3.2. Low Temperature Catalytic Oxidation Experiment and Characterization

The heavy oil was first introduced into the reactor, then into the catalyst, oxidant, proton donor, and water, and the oil–water ratio was controlled at 7:3. The temperature ranged from 100 °C to 180 °C, and the reaction time was 24 h.

After the reaction, the oxidized oil was cooled to room temperature and dehydrated to determine its group composition and viscosity. The rates of the corresponding viscosity reduction were calculated. The effects of the amount of catalyst and oxidant and temperature on the properties of the heavy oil were investigated using the control variable method.

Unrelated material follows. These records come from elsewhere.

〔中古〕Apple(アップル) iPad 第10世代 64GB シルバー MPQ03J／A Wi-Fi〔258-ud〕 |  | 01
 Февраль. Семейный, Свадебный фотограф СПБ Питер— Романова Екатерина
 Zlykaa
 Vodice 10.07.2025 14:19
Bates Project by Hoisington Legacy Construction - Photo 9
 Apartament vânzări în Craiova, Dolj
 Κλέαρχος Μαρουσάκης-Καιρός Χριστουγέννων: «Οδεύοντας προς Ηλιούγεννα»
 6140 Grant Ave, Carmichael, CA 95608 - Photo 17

The heavy oil content before and after the reaction was determined through group composition analysis according to the ‘SY/T 5119-2016 Analysis method for family compositions of rock extracts and crude oil’. The functional groups in the oxidized oil before and after the reaction were analyzed by a Fourier transform infrared detector (FT–IR, Nicolet6700, Thermo Scientific™, Waltham, MA, USA). The saturates before and after the reaction were analyzed by gas chromatography–mass spectrometry (GC–MS, 7890A/5975C). Elemental analysis of resin and asphaltene was performed using a Vario EL III automatic elemental analyzer. Deuterated chloroform was used as a solvent to dissolve resin and asphaltene for testing on an AVANCE III HD 400 MHz nuclear magnetic resonance spectrometer (1H-NMR), with trimethylsilane (TMS) serving as an internal reference. The viscosity of heavy oil before and after the reaction was measured by a Bohler Fly Rheometer DV3T-RV at 50 °C, and the viscosity reduction rate was calculated using Formula (3):

$$∆\mathsf{\eta }=\frac{{\mathsf{\eta }}_0-\mathsf{\eta }}{{\mathsf{\eta }}_0}\times 100\%$$

(3)

where Δη is the viscosity reduction rate, %, η₀ is the initial viscosity of heavy oil, mPa·s, η is the viscosity after the reaction, mPa·s.

4. Conclusions

The catalytic oxidation reaction of Tahe heavy oil has been carried out using four kinds of iron-based catalysts: iron oleate, iron naphthenate, EDTA–FeNa, and EDDHA–FeNa, in combination with the TBHP oxidant and a proton-donating acid to form a catalytic system. EDDHA–FeNa is selected as the best catalyst for catalytic oxidation among the four ferric-based catalysts, achieving a viscosity reduction rate of 78.57%. Remarkably, the metal center iron ion of EDDHA–Fe has an empty orbit and is electrophilic. These metal centers provide an empty orbit for the heteroatoms of heavy oil macromolecules, facilitating the binding of reactive oxygen species to heteroatoms and breaking the C–R (R = S, N) bond, especially the C–S bond, thereby increasing the viscosity reduction rate.